We note in passing, however, that it does not appear that defendant's challenges to the statute based on equal protection and due process are substantial. Equal protection poses no threat to the statute as the affidavit of merit requirement is a rational and reasonable requirement imposed by the Legislature and is likely to assist in the objective of reducing frivolous lawsuits. Cf. Whitaker v. DeVilla, 147 N.J. 341, 357-58, 687 A.2d 738 (1997) (applying same test to uphold the constitutionality of New Jersey's “deemer” statute, N.J.S.A. 17:28-1.4); Barone v. Department of Human Servs., 107 N.J. 355, 368, 526 A.2d 1055 (1987) (reviewing Greenberg v. Kimmelman, 99 N.J. 552, 567, 494 A.2d 294 (1985), and New Jersey's equal protection jurisprudence). Likewise, it is evident that due process considerations of vagueness do not threaten the statute's validity. Cf. In re Loans of N.J. Property Liability Ins. Guar. Ass'n, 124 N.J. 69, 78, 590 A.2d 210 (1991) (discussing that civil statutes are subject to less stringent scrutiny for vagueness); Painter v. Painter, 65 N.J. 196, 208, 320 A.2d 484 (1974) (describing vagueness doctrine as guarding against arbitrary results).
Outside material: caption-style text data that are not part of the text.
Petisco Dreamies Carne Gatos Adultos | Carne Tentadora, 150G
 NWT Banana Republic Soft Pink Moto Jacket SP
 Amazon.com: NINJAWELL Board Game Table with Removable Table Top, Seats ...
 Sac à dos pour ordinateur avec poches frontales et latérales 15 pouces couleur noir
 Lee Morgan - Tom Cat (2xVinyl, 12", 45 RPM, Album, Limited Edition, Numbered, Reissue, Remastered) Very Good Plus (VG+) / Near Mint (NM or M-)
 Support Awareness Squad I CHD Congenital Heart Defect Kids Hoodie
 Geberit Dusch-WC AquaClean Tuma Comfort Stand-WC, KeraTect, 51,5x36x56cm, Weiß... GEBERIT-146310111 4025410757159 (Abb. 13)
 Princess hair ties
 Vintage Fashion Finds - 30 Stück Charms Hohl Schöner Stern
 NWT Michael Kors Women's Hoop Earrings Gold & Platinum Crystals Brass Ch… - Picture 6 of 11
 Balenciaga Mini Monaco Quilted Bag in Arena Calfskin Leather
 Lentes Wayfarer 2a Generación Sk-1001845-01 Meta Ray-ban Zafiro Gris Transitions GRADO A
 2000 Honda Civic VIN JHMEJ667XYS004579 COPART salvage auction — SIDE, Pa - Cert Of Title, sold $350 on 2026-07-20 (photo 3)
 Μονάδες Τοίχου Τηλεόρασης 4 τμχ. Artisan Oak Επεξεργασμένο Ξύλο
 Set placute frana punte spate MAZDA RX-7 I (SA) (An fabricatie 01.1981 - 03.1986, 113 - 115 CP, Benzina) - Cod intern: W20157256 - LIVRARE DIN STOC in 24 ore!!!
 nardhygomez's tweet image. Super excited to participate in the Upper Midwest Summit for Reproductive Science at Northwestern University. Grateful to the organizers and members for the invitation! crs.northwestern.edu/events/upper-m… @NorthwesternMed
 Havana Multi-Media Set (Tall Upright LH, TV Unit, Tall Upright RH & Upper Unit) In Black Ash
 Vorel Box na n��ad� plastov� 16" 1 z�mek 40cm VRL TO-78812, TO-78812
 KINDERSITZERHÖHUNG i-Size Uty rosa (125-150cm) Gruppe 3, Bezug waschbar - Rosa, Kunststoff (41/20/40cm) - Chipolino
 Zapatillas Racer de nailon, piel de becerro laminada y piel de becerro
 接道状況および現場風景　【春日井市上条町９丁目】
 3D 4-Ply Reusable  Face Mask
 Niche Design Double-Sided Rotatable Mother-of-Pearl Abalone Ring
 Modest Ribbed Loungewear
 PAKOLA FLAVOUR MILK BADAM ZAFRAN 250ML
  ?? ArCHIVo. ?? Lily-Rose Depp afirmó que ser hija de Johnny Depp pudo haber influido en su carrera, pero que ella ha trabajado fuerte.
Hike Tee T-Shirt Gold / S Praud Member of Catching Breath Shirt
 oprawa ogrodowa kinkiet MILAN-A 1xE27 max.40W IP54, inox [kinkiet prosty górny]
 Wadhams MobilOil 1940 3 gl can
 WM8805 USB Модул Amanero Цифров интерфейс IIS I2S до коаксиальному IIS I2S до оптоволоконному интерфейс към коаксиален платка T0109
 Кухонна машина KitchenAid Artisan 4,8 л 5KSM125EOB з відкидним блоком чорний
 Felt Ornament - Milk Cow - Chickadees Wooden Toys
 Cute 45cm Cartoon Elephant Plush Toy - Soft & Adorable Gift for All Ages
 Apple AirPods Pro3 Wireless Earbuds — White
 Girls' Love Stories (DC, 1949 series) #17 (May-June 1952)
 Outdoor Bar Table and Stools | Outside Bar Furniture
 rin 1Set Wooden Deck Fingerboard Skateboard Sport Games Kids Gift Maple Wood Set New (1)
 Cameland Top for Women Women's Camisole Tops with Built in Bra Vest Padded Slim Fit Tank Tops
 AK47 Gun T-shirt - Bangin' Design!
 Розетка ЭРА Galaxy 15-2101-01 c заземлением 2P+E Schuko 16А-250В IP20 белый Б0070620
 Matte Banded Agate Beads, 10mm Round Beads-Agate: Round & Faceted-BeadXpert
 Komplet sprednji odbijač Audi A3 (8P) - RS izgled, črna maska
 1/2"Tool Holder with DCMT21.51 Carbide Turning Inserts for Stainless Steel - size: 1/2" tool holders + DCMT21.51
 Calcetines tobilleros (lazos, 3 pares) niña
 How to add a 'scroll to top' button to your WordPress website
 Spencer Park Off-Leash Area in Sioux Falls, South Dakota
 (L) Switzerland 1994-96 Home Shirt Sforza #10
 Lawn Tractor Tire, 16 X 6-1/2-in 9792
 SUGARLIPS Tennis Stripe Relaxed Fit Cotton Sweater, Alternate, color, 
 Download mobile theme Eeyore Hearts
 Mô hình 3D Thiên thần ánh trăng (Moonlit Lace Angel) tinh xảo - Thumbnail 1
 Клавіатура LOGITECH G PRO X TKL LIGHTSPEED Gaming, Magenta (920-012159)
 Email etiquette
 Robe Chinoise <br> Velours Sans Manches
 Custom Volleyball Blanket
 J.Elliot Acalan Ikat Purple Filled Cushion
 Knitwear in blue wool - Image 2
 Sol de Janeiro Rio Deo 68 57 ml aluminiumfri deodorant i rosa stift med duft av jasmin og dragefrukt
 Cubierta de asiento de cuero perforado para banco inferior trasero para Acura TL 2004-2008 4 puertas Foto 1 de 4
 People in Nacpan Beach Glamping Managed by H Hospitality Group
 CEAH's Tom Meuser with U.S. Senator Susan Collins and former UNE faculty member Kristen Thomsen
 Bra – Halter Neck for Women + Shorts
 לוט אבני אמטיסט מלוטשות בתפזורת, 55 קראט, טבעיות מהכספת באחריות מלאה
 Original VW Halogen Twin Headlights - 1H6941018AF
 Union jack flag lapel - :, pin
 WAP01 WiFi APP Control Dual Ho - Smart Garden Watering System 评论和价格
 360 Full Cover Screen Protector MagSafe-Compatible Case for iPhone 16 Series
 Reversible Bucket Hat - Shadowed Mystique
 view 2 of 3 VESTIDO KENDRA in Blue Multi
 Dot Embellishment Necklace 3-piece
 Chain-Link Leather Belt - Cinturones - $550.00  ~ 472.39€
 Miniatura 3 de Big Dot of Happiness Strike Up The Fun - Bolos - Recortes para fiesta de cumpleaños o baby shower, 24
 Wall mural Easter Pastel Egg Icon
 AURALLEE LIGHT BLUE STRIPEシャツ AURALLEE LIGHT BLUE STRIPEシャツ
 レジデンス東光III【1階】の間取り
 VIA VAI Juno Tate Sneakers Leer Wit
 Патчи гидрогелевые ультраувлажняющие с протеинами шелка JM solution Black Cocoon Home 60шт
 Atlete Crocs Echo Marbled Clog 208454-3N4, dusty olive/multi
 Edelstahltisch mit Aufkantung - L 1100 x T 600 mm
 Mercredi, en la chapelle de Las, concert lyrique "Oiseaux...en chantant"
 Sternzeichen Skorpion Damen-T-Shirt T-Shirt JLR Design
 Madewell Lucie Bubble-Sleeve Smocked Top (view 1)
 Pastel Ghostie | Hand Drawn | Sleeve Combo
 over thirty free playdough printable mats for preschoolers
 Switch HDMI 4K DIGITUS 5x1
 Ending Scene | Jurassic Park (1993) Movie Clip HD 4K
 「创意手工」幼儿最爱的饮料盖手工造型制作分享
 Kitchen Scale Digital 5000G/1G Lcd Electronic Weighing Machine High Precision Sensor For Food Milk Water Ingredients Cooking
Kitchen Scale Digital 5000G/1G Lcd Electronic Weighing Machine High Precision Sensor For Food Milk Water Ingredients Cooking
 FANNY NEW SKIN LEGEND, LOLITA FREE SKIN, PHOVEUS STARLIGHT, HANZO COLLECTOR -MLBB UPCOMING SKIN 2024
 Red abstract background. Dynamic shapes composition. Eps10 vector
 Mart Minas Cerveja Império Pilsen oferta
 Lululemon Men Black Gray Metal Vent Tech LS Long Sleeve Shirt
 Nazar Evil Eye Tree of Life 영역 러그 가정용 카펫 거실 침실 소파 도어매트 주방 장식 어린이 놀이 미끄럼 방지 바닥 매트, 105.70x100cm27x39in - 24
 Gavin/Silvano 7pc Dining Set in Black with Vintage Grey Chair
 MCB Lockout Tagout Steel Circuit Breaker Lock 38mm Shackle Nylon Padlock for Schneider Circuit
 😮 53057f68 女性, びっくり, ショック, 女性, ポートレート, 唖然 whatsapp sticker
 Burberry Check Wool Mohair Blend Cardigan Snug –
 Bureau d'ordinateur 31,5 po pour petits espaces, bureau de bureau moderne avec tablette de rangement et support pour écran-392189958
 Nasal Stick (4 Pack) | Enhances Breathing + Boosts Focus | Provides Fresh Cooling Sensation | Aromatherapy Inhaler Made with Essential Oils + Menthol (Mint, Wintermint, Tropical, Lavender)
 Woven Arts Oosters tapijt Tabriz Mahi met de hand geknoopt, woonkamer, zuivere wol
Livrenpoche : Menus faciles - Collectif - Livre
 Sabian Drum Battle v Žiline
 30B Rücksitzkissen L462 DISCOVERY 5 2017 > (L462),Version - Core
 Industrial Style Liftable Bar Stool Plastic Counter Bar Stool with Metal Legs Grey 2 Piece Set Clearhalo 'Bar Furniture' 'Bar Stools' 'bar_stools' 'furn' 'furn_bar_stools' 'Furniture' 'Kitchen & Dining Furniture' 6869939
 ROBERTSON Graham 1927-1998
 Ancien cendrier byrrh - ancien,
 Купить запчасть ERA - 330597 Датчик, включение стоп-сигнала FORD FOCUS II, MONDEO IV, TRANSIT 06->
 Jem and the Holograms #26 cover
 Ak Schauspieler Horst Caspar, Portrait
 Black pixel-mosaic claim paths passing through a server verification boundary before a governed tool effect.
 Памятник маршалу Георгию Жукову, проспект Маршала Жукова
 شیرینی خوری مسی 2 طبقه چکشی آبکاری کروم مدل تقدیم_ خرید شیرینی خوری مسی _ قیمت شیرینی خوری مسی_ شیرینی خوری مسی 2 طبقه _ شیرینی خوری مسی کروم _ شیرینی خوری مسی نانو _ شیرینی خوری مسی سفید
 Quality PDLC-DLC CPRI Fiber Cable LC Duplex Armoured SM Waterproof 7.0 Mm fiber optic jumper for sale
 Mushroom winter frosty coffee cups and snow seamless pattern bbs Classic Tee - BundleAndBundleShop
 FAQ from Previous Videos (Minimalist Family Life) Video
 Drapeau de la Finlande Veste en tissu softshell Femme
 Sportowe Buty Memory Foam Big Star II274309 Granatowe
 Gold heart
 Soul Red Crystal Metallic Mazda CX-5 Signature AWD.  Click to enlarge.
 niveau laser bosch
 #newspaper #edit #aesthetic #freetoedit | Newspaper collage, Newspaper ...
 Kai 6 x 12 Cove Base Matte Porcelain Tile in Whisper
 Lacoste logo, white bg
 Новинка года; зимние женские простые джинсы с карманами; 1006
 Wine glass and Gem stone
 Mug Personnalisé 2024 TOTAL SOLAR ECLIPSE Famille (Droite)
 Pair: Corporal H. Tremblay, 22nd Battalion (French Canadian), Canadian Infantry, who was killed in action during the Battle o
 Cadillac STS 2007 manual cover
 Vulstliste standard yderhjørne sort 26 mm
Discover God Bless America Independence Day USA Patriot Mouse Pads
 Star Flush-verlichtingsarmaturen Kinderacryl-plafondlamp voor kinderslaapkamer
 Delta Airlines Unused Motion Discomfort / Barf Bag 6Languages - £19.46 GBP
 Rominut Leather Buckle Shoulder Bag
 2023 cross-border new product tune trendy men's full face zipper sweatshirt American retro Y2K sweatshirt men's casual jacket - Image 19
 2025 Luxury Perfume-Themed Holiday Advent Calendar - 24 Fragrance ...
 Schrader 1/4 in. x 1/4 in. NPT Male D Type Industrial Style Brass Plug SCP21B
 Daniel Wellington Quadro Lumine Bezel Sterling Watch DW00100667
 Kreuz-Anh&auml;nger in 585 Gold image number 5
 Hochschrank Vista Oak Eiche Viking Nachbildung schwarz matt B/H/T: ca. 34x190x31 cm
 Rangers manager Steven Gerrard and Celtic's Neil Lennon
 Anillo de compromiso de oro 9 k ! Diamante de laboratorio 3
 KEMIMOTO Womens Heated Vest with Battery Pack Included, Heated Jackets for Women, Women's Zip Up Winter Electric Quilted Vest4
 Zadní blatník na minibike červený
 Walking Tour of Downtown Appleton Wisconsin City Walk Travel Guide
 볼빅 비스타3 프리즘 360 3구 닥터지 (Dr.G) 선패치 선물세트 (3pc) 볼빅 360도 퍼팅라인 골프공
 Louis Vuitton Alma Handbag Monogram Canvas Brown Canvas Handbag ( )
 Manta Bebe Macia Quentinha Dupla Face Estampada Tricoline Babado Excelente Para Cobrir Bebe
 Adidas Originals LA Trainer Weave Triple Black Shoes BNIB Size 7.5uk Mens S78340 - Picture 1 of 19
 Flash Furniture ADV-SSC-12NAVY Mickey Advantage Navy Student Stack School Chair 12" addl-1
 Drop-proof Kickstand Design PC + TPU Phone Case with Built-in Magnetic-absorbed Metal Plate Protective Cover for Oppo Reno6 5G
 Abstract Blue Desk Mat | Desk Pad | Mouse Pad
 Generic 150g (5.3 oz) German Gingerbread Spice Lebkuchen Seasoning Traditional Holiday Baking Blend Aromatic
Similarly, the constitutional principle of separation of powers in this context is not implicated. It is within the Legislature's authority to define a cause of action to include a limitations period within which the plaintiff must act. See, e.g., E.A. Williams, Inc. v. Russo Development Corp., 82 N.J. 160, 164-67, 411 A.2d 697 (1980) (discussing reasons behind Legislature's enacting such a statute). Furthermore, the Legislature's choice to require the affidavit of merit is in no way incompatible with this Court's rules regarding malpractice suits and will not interfere with the judiciary's role in resolving such disputes. Cf. Knight v. City of Margate, 86 N.J. 374, 394-95, 431 A.2d 833 (1981) (holding that Court may accommodate legislation that does not interfere with judicial authority).
Those observations suggest that the constitutional issues in this case do not generate significant and imperative issues of public concern and, accordingly, we find it unnecessary and inappropriate to deal conclusively with those issues.
We perceive that the Affidavit of Merit Bill was intended by the Legislature to serve salutary purposes in assuring the adjudication of meritorious professional malpractice claims and, properly applied, in advancing the cause of justice.
We reverse the judgment of the Appellate Division and set aside the Law Division's dismissal of defendant's counterclaim.
1. There was some dispute whether the trial court had previously ruled that Barow had filed the certification within the appropriate time frame. In its second ruling, the trial court expressed no specific conclusion on the point. The Appellate Division indicated that the trial court dismissed the complaint for failure “to [file] within the prescribed time limit.” 303 N.J.Super. 81, 85, 696 A.2d 65 (1997).
2. N.J.S.A. 41:2-1 identifies those who have the authority in New Jersey to administer the oath or affirmation for an affidavit.
3. Rule 4:37-2(b) applies generally to involuntary dismissals at trial; Rule 4:37-2(c) applies to involuntary dismissals at trial for claims for contribution; Rule 4:37 also covers voluntary dismissals, R. 4:37-1, and involuntary dismissal for failure to comply with a rule or order, R. 4:37-2(a).
For reversal-Chief Justice PORITZ, and Justices HANDLER, POLLOCK, O'HERN, GARIBALDI, STEIN and COLEMAN-7. Opposed-None.